HomeServices of America is out of the broker commission fight.
The company, and some of its subsidiaries, agreed to pay $250 million to settle antitrust lawsuits accusing it of colluding with the National Association of Realtors and other major brokerages to hike agents’ pay.
“This brings us a step closer to resolving this long-running case involving the industry-wide brokers’ commission scheme,” said Benjamin Brown, an attorney representing the plaintiffs in the Illinois-based lawsuit known as Moehrl.
If approved by the judge, the agreement would release the firm from all claims brought by home sellers. The deal doesn’t include its parent company Berkshire Hathaway Energy Company or HomeServices’ direct or indirect parent companies, officers, directors or employees.

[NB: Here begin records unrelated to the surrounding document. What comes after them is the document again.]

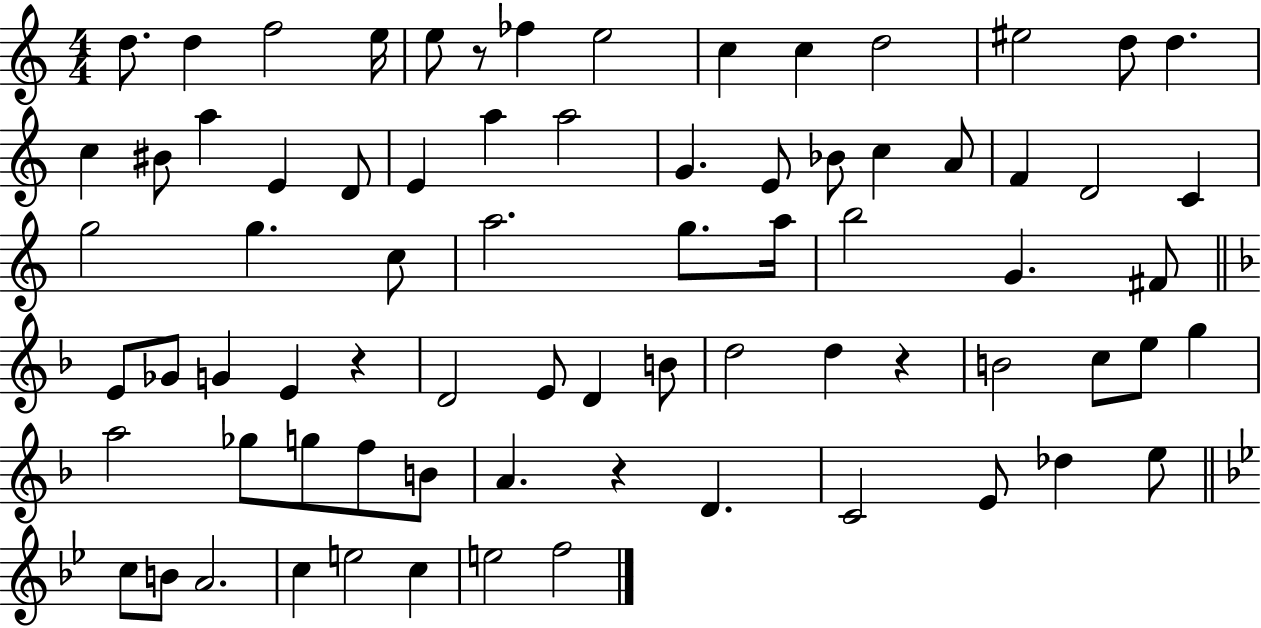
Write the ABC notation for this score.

X:1
T:Untitled
M:4/4
L:1/4
K:C
d/2 d f2 e/4 e/2 z/2 _f e2 c c d2 ^e2 d/2 d c ^B/2 a E D/2 E a a2 G E/2 _B/2 c A/2 F D2 C g2 g c/2 a2 g/2 a/4 b2 G ^F/2 E/2 _G/2 G E z D2 E/2 D B/2 d2 d z B2 c/2 e/2 g a2 _g/2 g/2 f/2 B/2 A z D C2 E/2 _d e/2 c/2 B/2 A2 c e2 c e2 f2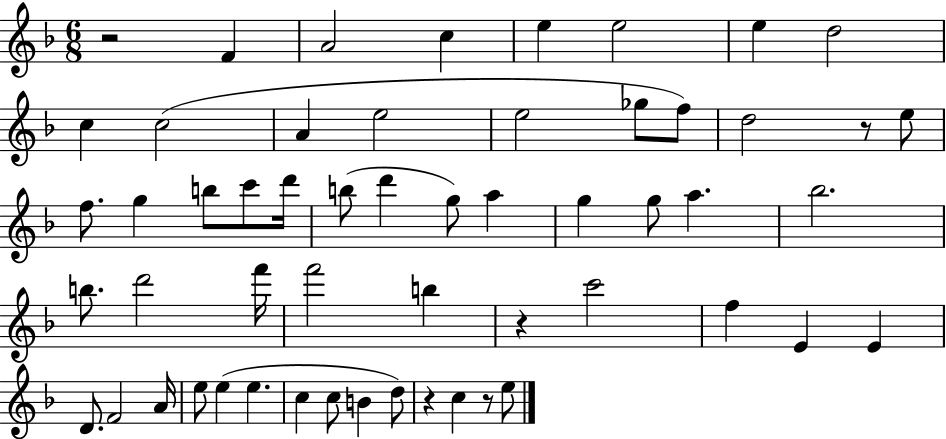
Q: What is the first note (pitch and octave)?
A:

News of the deal comes more than a month after NAR struck its own $418 million settlement with the homeseller plaintiffs. The trade group’s agreement left HomeServices as the last defendant remaining in Sitzer/Burnett, the first of the cases to head to trial.
The proposed agreement with HomeServices brings the total pending settlements nationwide to more than $940 million. Anywhere Real Estate, RE/MAX and Keller Williams — also defendants in Sitzer/Burnett — settled for a combined $209 million. Other firms such as Compass and @properties, targeted in other lawsuits, have also agreed to settle.
HomeServices’ settlement is the largest payout offered by the brokerage defendants, though it pales in comparison to the $1.8 billion verdict and the $4.7 billion attorneys for the plaintiffs requested it pay in a March filing.
Read more
Under the terms of NAR’s settlement, the 1.4 million-member organization agreed to landmark policy changes, including eliminating the commission-sharing rule at the heart of the lawsuits.
The deal included all multiple listing services controlled by the group and brokerages with transaction volumes under $2 billion, though it provided provisions for larger brokerages to opt-in to the settlement. HomeServices and its subsidiaries were excluded from NAR’s settlement coverage.
A federal judge preliminarily approved the NAR settlement on Tuesday. Brokerages eligible to opt in to the settlement now have less than 60 days to do so.